┌──

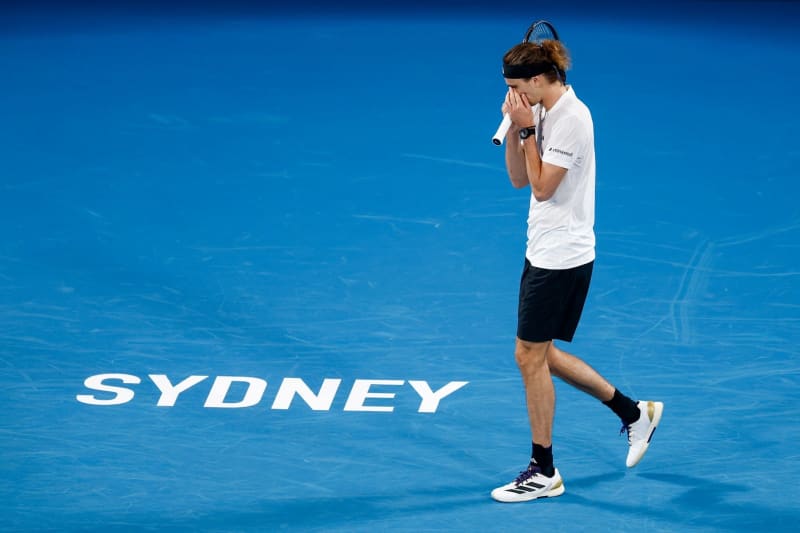 Zverev smashes racket as Germany lose to Poland at United Cup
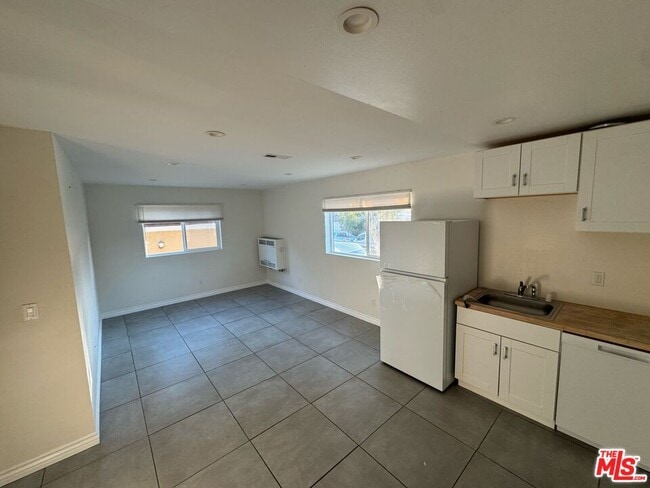 property at 3519 1/2 Denker Ave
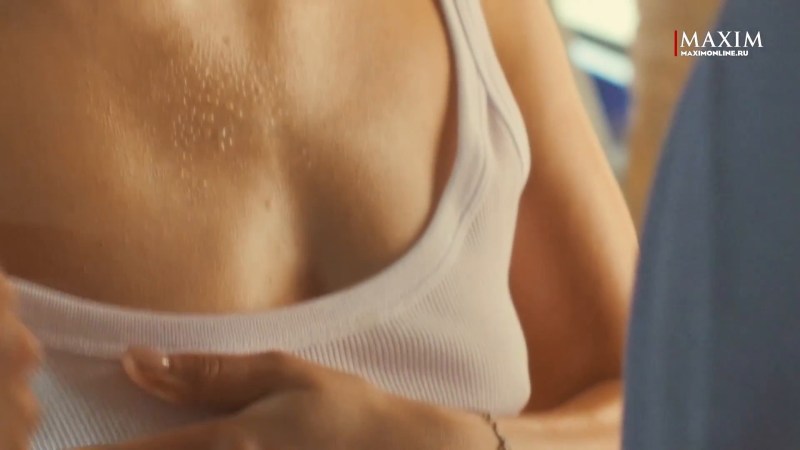 Julia Sharapova leading match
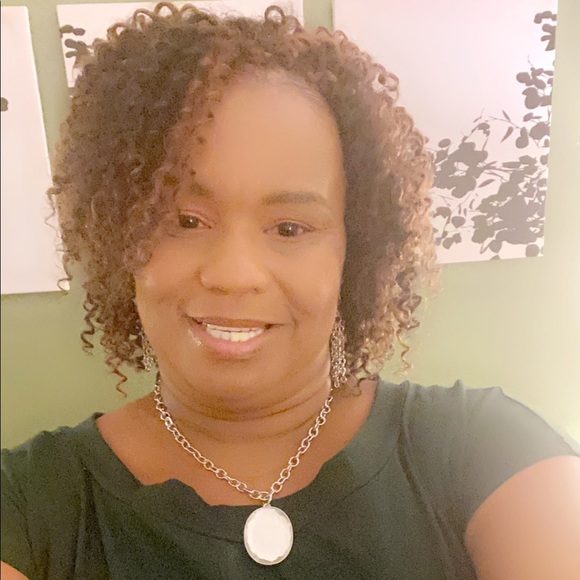 Meet your Posher, Leandra - Picture 2 of 2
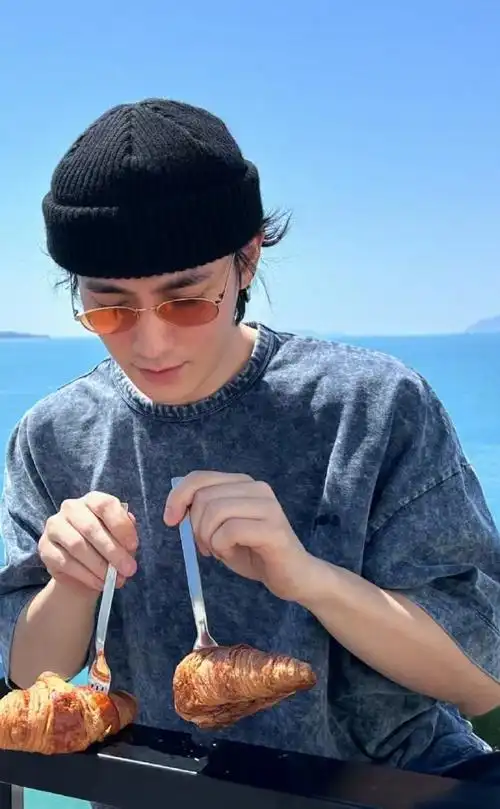 内娱戴眼镜最好看的明星##朱一龙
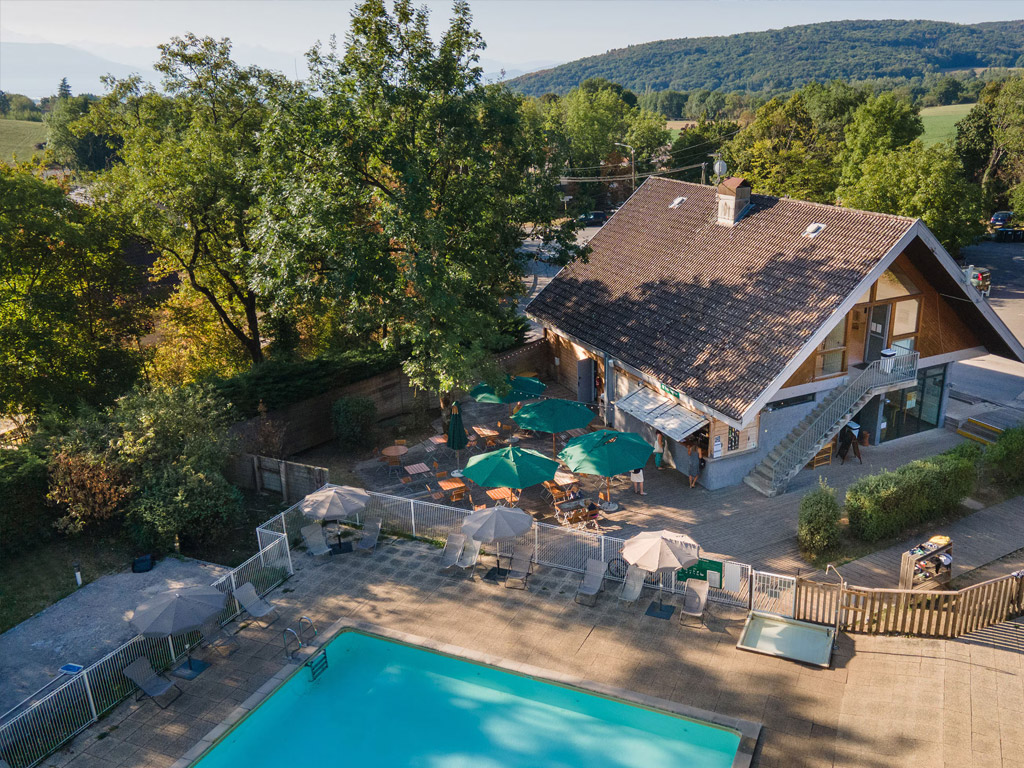 Camping Huttopia Divonne Les Bains 7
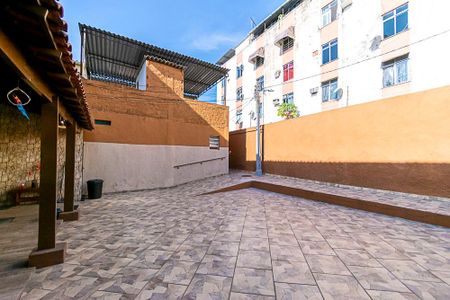 Casa à venda com 250m², 4 quartos e sem vaga Casa à venda com 250m², 4 quartos e sem vagaVaranda
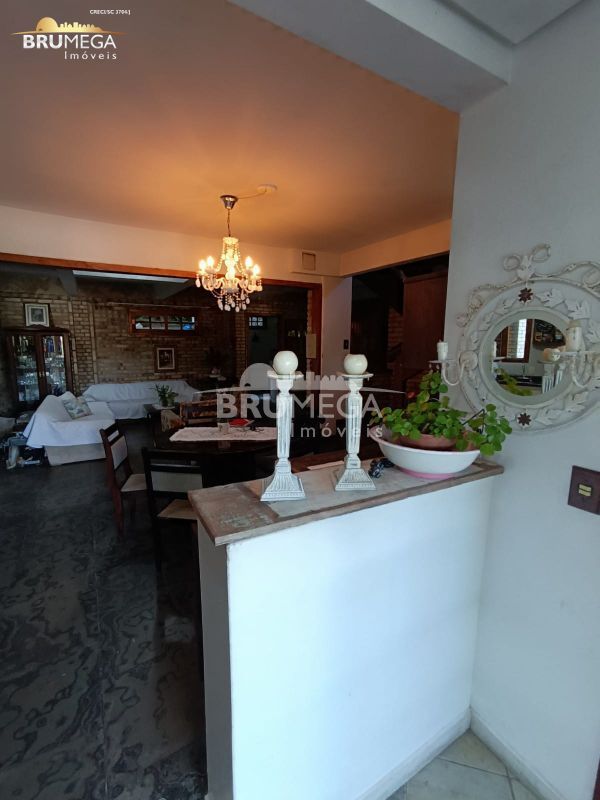 Casa de 4 quartos, 340m² no bairro Centro II, em Brusque | Eu Corretor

└──

Action item: Your task is to retype exactly the lines that run from the line with "Meet your Posher, Leandra - Picture 2 of 2" through the last line of the material, with the pictures left out.

Exercise solution:
 Meet your Posher, Leandra - Picture 2 of 2
 内娱戴眼镜最好看的明星##朱一龙
 Camping Huttopia Divonne Les Bains 7
 Casa à venda com 250m², 4 quartos e sem vaga Casa à venda com 250m², 4 quartos e sem vagaVaranda
 Casa de 4 quartos, 340m² no bairro Centro II, em Brusque | Eu Corretor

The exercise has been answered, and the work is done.